A cut hole on painted metal can be ugly (or not so bad if you have the right size hole saw and paint the cut edge to match) but you could finish it off with a filter panel over it, or cheap ~$2 pack of black automotive door edge guard molding from a local auto parts store. Power, get an adapter off ebay, or get a molex 4 pin splitter assuming the system has at least one but it's in use? Adding a small fan will be a negligible difference in current for this purpose. Heh, I don't know your past PC moddin' experience so whether this type of thing needs to be mentioned.
Other DIY options...
Take a low profile bracket with the typical two tabs 'n screws, cut a piece of circuit board (or aluminum, steel might be too heavy) large enough to mount the fan on, drill several well placed holes in the bracket till it looks like swiss cheese, then pick the size fan you want on it from Digikey, and while at Digikey get an SATA plug, or get an adapter plug off ebay cheap ($1?), or saw one off an old dead HDD/etc and solder it up.
Option 2, I can't tell how tall that fan is, but you might be able to just cut down the bracket on it to be short enough, or not, depending on how wide the airflow exit hole is.
Option 3, make your own bracket out of steel or aluminum, though you might need to heat the aluminum to get a sharp enough bend at the top w/o cracking it, and you'd at least need a bench vise and hammer or better still a metal brake to make that bend.

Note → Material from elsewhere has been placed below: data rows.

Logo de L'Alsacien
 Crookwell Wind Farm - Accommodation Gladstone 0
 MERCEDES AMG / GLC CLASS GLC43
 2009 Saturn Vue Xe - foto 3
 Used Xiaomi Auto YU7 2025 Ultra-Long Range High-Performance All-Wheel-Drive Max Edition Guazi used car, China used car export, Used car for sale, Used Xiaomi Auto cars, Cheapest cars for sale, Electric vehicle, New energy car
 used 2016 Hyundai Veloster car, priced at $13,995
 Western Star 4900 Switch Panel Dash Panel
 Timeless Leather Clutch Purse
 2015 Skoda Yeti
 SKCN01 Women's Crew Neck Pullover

You do realize that this type of fan is quite loud for the amount of air moved? Granted any addt'l airflow beats nothing, but connected straight from PSU SATA, removes the opportunity to adjust the fan speed.
Well not entirely, through experimentation you could add a series of diodes or few tens of ohms 2W resistor in series on the positive (or negative) power lead to slow it down but like all the above, this requires some DIY rather than plug 'n play. Another option would be get an SATA adapter dongle of ebay and swap wire positions to get 5V powering the fan, if you pick one compatible and still retaining enough airflow at 5V which is sort of hit or miss unless you had a variety of fans to test.
Getting a pack of diodes and soldering on one after another as you test the resultant noise and flow rate is the surest way to a solution with the noise:airflow ratio you need, with a single purchase of diodes, unless you happened to have a variety of 2W resistors in roughly 22 ohm to 120 ohm range to experiment with.
The cool kids might 3D print a low profile bracket. Another option might be swapping a faster fan into the PSU, though it might require soldering and will definitely increase noise. If you have a particular hot zone you might be able to cut a hole, slap a filter panel on adjacent to that zone and let the existing exhaust fans pull air in there.
I've already written too much, do you have any willingness to go the DIY route with any of the above?